An 88.2 per cent net sales increase for mobility coatings included the rebound from COVID-19-related vehicle production shutdowns in the prior year quarter, offset partly by ongoing volume impacts due to semiconductor chip shortages, primarily in the light vehicle segment.

Profit from operations for Q2 2021 totalled US$190.4 million versus a loss of US$64.5 million in Q2 2020.

Operating expenses were relatively flat in the period, with the loss of temporary cost reductions from Q2 2020 offset by a benefit from ongoing structural savings actions and the absence of COVID-related accounting charges from Q2 2020.
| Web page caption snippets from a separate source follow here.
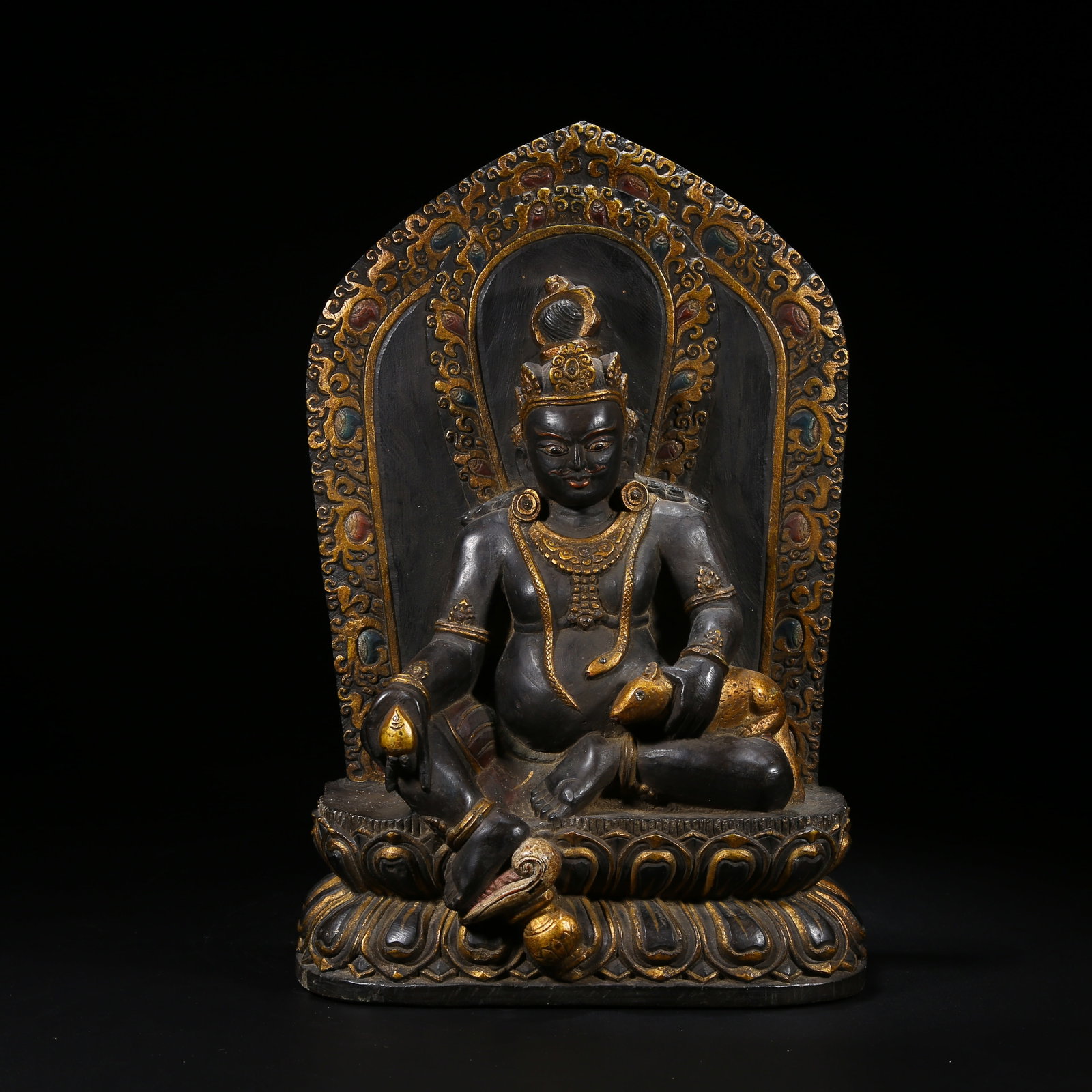 A BLACK STONE STATUE OF YELLOW JAMBHALA: Black Stone Statue of Yellow Jambhala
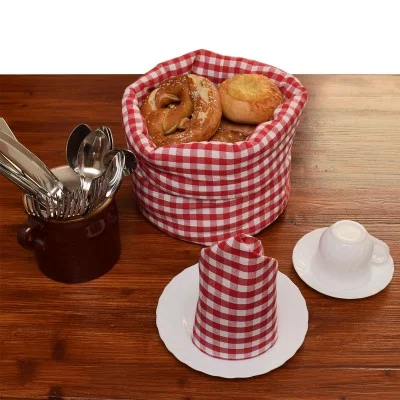 In einem mit rot-weiß-kariertem Tuch ausgelegten Korb liegen Brot und eine Brezel. In der Nähe stehen eine Tasse mit Geschirr, ein gedeckter Teller mit passendem Tuch und eine weiße Tasse mit Untertasse auf einem Holztisch.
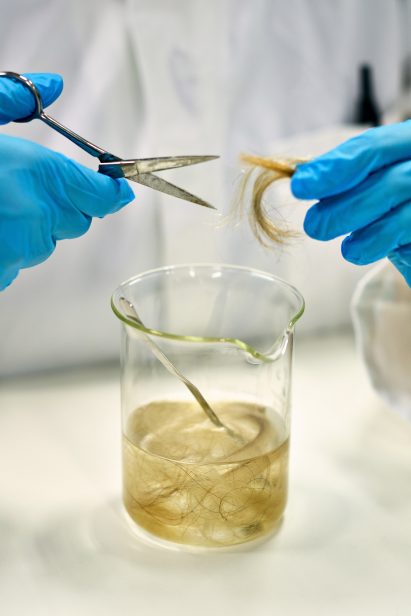 Lab technician putting hair in a jar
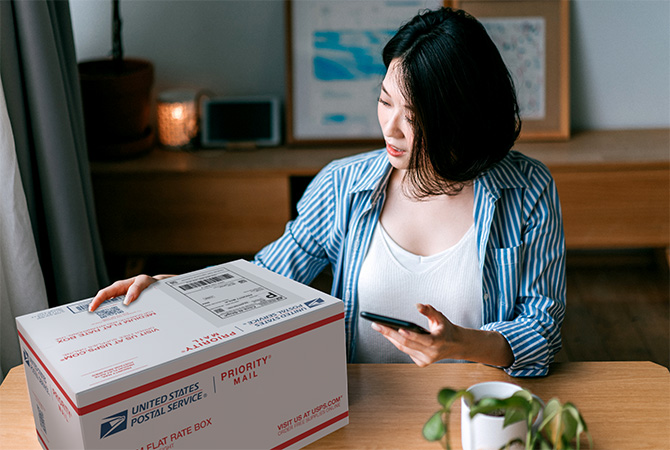 Person printing a Click-N-Ship label for a Priority Mail package.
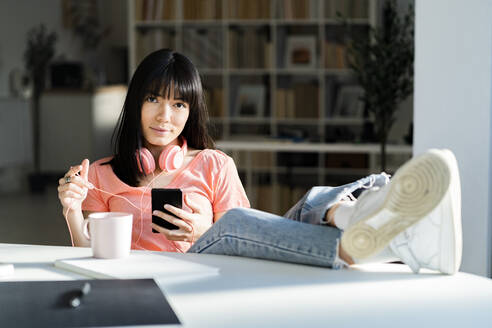Junge Frau mit hochgelegten Füßen auf dem Tisch, die ihr Smartphone zu Hause hält - GIOF12371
Axalta’s President and CEO, Robert Bryant, said the company’s second quarter represented a strong rebound from the pandemic-impacted second quarter of last year and was slightly better than Axalta’s expectation set for the period communicated in its last earnings release.

“The company saw notable improvement across all businesses from the prior year period, including continued strong growth in industrial coatings and solid sequential recovery in refinish. While mobility coatings rebounded well from the prior year, the business has and will continue to see impact from the semiconductor chip shortages, primarily impacting light vehicle production globally,” he said.

According to Bryant, Axalta’s strong price and product mix result showcases the ability of its staff and business to react quickly to shifting input cost conditions.

“Axalta’s ability to adapt to volatile conditions remains a core strength of our business, witnessed last year with the pandemic volume impacts and this year as we adjust dynamically to rising input costs and tight supply availability,” Bryant said.

Bryant also referenced Axalta’s acquisition of U-POL, which is expected to close in late Q3 or early Q4 of 2021, saying it represents “a clear and compelling strategic fit” with Axalta’s refinish business.

“We believe that the U-POL business will generate strong returns and will also accelerate growth for our existing refinish businesses given the expected commercial synergies in product offerings, distribution channels, and customer opportunities. We are also excited to be bringing onboard a terrific management team that has proven an ability to grow the business substantially during its tenure,” Bryant said.